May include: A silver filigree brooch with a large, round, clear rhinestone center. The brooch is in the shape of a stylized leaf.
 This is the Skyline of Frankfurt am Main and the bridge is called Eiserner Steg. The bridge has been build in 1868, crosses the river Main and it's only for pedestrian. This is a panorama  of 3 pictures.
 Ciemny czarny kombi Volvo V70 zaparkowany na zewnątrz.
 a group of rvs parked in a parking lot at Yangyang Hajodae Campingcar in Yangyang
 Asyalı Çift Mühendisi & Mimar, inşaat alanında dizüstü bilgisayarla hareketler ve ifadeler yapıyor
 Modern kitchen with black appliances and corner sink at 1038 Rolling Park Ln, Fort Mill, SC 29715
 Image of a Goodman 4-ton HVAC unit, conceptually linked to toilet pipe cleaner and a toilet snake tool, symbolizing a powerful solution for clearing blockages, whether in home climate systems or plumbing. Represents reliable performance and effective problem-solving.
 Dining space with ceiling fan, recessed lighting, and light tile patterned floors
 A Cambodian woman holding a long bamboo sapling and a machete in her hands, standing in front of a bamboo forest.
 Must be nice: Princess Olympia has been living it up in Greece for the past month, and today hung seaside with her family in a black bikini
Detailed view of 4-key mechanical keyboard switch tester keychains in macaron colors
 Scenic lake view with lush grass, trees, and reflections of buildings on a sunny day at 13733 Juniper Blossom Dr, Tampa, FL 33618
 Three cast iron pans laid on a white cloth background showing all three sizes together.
┄┄┄┄┄┄┄┄┄┄┄┄┄┄┄┄┄┄┄┄
ABOUT THIS EXERCISE -
Take from the material above the lines running from the one with "Ciemny czarny kombi" through the one with "Modern kitchen with", and repeat them exactly, with nothing else.

TASK ANSWER -
 Ciemny czarny kombi Volvo V70 zaparkowany na zewnątrz.
 a group of rvs parked in a parking lot at Yangyang Hajodae Campingcar in Yangyang
 Asyalı Çift Mühendisi & Mimar, inşaat alanında dizüstü bilgisayarla hareketler ve ifadeler yapıyor
 Modern kitchen with black appliances and corner sink at 1038 Rolling Park Ln, Fort Mill, SC 29715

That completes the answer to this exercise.